The obesity paradox in lung cancer: is there a missing biological link?
Editorial

The obesity paradox in lung cancer: is there a missing biological link?

Konstantinos Mavridis1, Kleita Michaelidou2

1Institute of Molecular Biology and Biotechnology, Foundation for Research and Technology-Hellas, Heraklion, Greece; 2Neurology Laboratory, Medical School, University of Crete, Heraklion, Greece

Correspondence to: Konstantinos Mavridis. Institute of Molecular Biology and Biotechnology, Foundation for Research and Technology-Hellas, Heraklion 70013, Greece. Email: konstantinos_mavridis@imbb.forth.gr.
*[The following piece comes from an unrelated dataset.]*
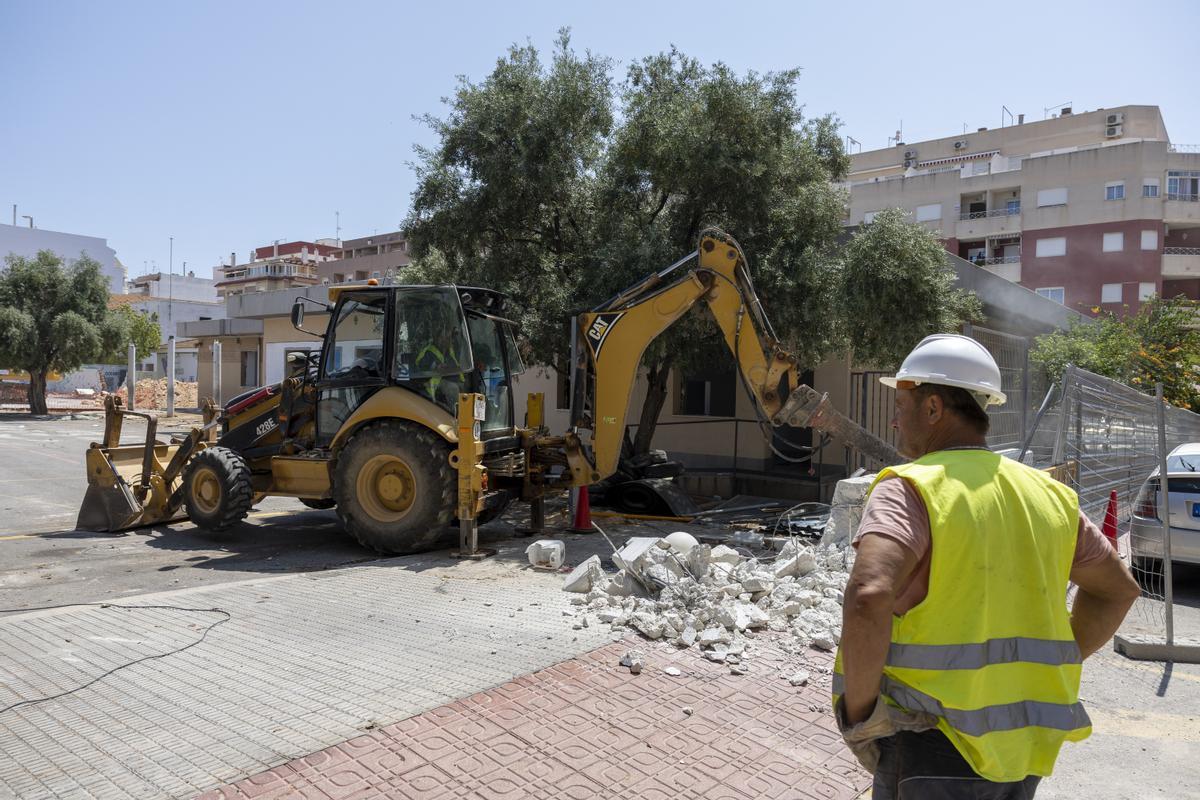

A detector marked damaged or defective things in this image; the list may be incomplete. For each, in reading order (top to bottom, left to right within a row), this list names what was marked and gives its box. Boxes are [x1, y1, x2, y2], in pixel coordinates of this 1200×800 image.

broken concrete block [559, 556, 604, 594]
Provenance: This is an invited Editorial commissioned by Section Editor Chunlin Ou (Cancer Research Institute of Central South University, Changsha, China).

Comment on: Nagano H, Hashimoto N, Nakayama A, et al. p53-inducible DPYSL4 associates with mitochondrial supercomplexes and regulates energy metabolism in adipocytes and cancer cells. Proc Natl Acad Sci U S A 2018;115:8370-5.


Submitted Nov 12, 2018. Accepted for publication Dec 11, 2018.

doi: 10.21037/jtd.2018.12.69


Obesity is a well-established risk factor for cardiovascular diseases (1) and type II diabetes (2). It has also been long associated with increased risk and mortality of most cancer types (3). Paradoxically, high body mass index (BMI) has been linked with both a reduced risk of lung cancer and better overall outcome of lung cancer patients. The mechanism for the paradoxical benefit of obesity observed consistently in multiple cohort studies, termed as the “obesity paradox”, remains unclear. The hypotheses of a confounding effect by smoking or reverse causation due to cancer-associated weight loss have been already considered as possible reasonable interpretations, but have failed to explain the lung cancer obesity paradox in its entirety (4,5).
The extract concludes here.